UPDATE: What upright and good motive would Trump have possibly held, to steal these documents? When considering that, are you at a loss but to conclude there was a malicious motive?
FURTHER: Wed. Aug. 17 - The magistrate who issued the search warrant and released it (and the property receipt) will hear a motion to release the affidavit showing probable cause. The hearing is set for Aug. 18.
The DOJ opposes release of the affidavit. Guardian. FOX. CNBC. Roughly the DOJ asserts the investigation will be impeded, information perhaps leading to ways and means to frustrate the investigation would be released, and potential witnesses might be chilled by disclosure of the affidavit contents. It appears a witness informed authorities where documents were at Mar a Lago.
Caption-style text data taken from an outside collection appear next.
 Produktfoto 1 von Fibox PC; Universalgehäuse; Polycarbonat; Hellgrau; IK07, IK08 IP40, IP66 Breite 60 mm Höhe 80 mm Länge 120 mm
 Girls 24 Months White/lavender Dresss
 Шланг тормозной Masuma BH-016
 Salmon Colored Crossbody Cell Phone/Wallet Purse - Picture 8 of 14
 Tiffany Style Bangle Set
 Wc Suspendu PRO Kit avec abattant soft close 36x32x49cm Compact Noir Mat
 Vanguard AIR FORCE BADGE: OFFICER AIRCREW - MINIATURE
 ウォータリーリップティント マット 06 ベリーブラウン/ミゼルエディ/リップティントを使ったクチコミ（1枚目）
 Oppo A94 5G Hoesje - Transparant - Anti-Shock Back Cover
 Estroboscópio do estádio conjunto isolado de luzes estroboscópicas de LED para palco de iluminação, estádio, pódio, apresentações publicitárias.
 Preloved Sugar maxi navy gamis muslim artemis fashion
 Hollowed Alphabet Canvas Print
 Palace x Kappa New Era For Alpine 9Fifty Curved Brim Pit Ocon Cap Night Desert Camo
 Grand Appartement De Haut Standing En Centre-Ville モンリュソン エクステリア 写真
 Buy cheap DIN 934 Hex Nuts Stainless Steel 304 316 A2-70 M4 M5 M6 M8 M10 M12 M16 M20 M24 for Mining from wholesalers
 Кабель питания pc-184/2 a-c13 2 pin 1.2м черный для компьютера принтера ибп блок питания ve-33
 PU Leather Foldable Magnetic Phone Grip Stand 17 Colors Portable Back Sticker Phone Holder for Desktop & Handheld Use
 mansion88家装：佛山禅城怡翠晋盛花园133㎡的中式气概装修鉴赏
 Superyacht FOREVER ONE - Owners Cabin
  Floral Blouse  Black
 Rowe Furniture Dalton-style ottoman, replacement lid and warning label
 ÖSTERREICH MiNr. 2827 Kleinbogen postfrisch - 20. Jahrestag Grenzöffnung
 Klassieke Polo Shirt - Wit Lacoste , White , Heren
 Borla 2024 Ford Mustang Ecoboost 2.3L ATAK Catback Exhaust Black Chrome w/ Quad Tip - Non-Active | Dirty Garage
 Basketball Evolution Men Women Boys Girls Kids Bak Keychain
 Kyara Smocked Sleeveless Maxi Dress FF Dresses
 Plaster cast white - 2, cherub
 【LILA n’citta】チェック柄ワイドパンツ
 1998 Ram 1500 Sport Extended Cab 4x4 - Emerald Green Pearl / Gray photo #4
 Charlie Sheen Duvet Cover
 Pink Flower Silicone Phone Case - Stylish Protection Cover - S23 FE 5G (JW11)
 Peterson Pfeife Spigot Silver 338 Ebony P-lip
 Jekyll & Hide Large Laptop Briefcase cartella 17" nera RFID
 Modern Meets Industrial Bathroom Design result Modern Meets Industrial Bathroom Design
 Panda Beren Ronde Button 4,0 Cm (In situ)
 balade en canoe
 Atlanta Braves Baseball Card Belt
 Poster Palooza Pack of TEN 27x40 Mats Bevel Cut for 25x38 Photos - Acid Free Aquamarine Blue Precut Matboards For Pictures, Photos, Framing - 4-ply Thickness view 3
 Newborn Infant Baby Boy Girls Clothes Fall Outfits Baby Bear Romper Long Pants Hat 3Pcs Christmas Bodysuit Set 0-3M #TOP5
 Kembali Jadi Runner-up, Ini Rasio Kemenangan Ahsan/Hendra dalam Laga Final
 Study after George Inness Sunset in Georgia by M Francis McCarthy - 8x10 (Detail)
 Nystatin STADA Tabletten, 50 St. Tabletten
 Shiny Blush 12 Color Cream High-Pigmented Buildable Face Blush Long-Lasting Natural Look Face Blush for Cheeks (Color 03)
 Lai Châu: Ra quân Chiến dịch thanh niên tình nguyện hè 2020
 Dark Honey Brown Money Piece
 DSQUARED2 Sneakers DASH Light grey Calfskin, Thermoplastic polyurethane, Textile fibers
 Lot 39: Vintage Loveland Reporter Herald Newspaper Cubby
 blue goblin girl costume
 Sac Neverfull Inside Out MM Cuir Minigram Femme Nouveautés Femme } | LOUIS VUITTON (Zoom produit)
There is speculation about who might be that witness. The DOJ asserts that a redacted release would be so sparse as to have no public value, if needed redaction were imposed. Trump bellows "break-in" and other tripe.
They are not his documents. They are government property. He stole them. He delayed and obfuscated about prompt returning of government property. Some exigent need to move as the DOJ did likely was defined in the affidavit.
Usually a worry over sequestration of evidence or its destruction, witness intimidation, adverse national security disclosures publicly, to other nationals, or otherwise, would all be available, depending on circumstances, as cause to suggest exigent need.
Consider witness intimidation. Trump is a mean vindictive person, one of the worse to reach popular attention, and it alone, as possible or likely, would be cause to seize the stolen evidence.
Trump should have held no reasonable belief that stolen documents would not be retrieved by warrant, given his stalling.
Trump was accorded much more grace about the stall than any regular citizen would have been granted. He took advantage of his post-President status, and the government had to end run his stall to regain its property.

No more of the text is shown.